Nor'easters are a complex weather phenomenon, says Kerry Emanuel, a meteorologist at the Massachusetts Institute of Technology in Cambridge, Mass.
Some have suggested that nor'easters, like hurricanes, might be rated for severity to give the public a better idea of what to expect. ``The nor'easter offers such a diverse set of phenomena that the public is already baffled,'' Professor Emanuel says. ``A high rating might scare someone who lives inland, when the real destruction, from wind and rain, will be on the coast.''
A lively ``mix'' of precipitation is standard for nor'easters. Who gets snow and who gets rain, and when, has a lot to do with subsidiary ``coastal fronts'' that form along with the main storm, Emanuel says. These secondary fronts cause wind shifts, with cooler air on one side and warmer on the other.
There are also ``complex temperature setups'' within the storm, Emanuel continues, with warmer layers of air sandwiched between colder ones. Precipitation can start as snow, turn to water as it goes through a warm belt, and then refreeze down lower, hitting the surface as ice pellets or sleet.
Mr. Tinker points out that the swirl of air in a nor'easter can result in temperature anomalies at ground level, too. During the early March storm it was raining in Baltimore while snow fell in Norfolk, Va., much further south. ``There's almost no way to forecast that,'' he says.
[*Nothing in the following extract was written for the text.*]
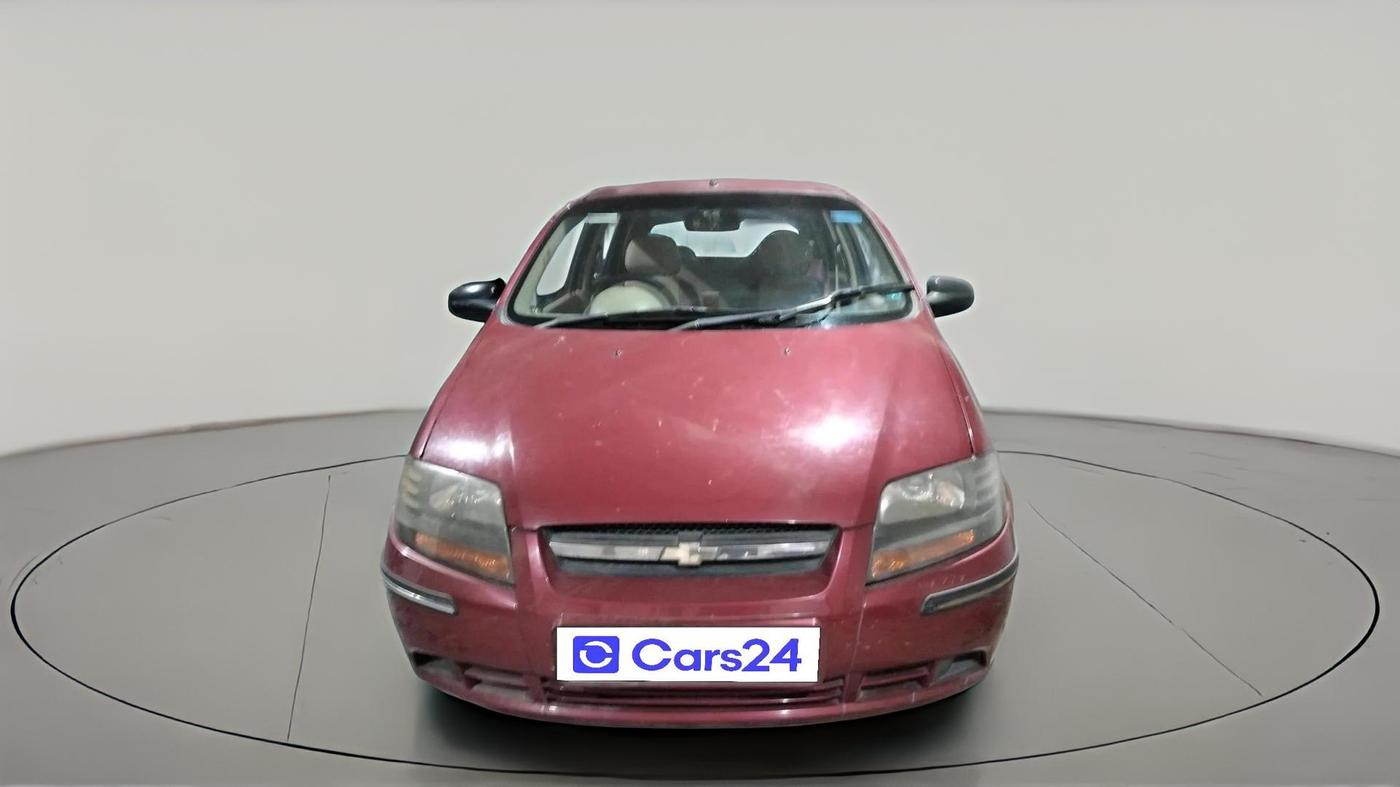 2011 Chevrolet Aveo U VA LS 1.2, Petrol, Manual, 51,731 km, exterior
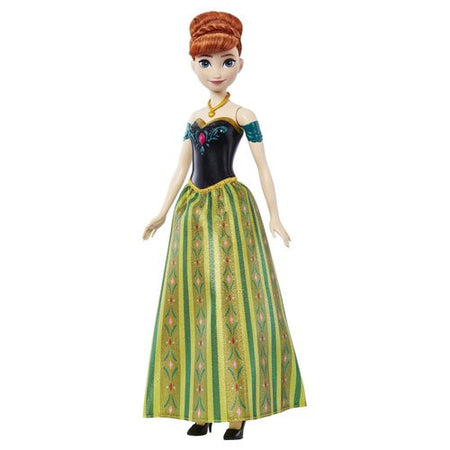 Bambola Mattel HMG47 FROZEN Cantante Assortito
Actually, forecasting the direction and approximate severity of nor'easters once they get underway down south is not a great problem, says Tinker. ``Our computer models tend to do better with nor'easters than with hurricanes,'' he says, explaining that hurricanes are influenced by more-subtle conditions.
But hurricanes also have a much longer and more-easily tracked life cycle. Nor'easters churn up and disappear out to sea in a matter of a few days. The most recent one, says Tinker, began as a ``very weak reflection'' in the Gulf of Mexico. And predictions of types and amounts of precipitation as a storm nears can be educated guesses at best.
The storms originate with a confluence of opposing air masses on the East Coast of the United States. They develop as a ``wave'' on the boundary between cold air to the north and ocean-warmed air to the south, says Hal Nagle, a technical editor with the American Meteorological Society in Boston.
The strength of a given storm, he explains, is determined by the ``gradient,'' or difference over distance, between the low pressure to the south and the high to the north. The low pressures registered in a robust nor'easter can rival those of a moderate hurricane, Tinker notes.
A tough winter
And why the series of big storms this year? Mr. Nagle emphasizes the influence of the jet stream. Irregular patterns in those high-altitude winds interact with surface developments, generating the cyclonic action of storms, he says. Tinker mentions the influence of a ``ridge'' of polar air fixed over Canada for much of this winter.
But basically, Emanuel says, the complexities of atmospheric interactions, typified by nor'easters, defy hard-and-fast explanation.
There's no quasi-cyclical phenomenon, like the warm ``El Nino'' Pacific Ocean currents to fall back on here in New England, Emanuel says. There's only the change in the seasons. And to the relief of many, spring should be just a few weeks away.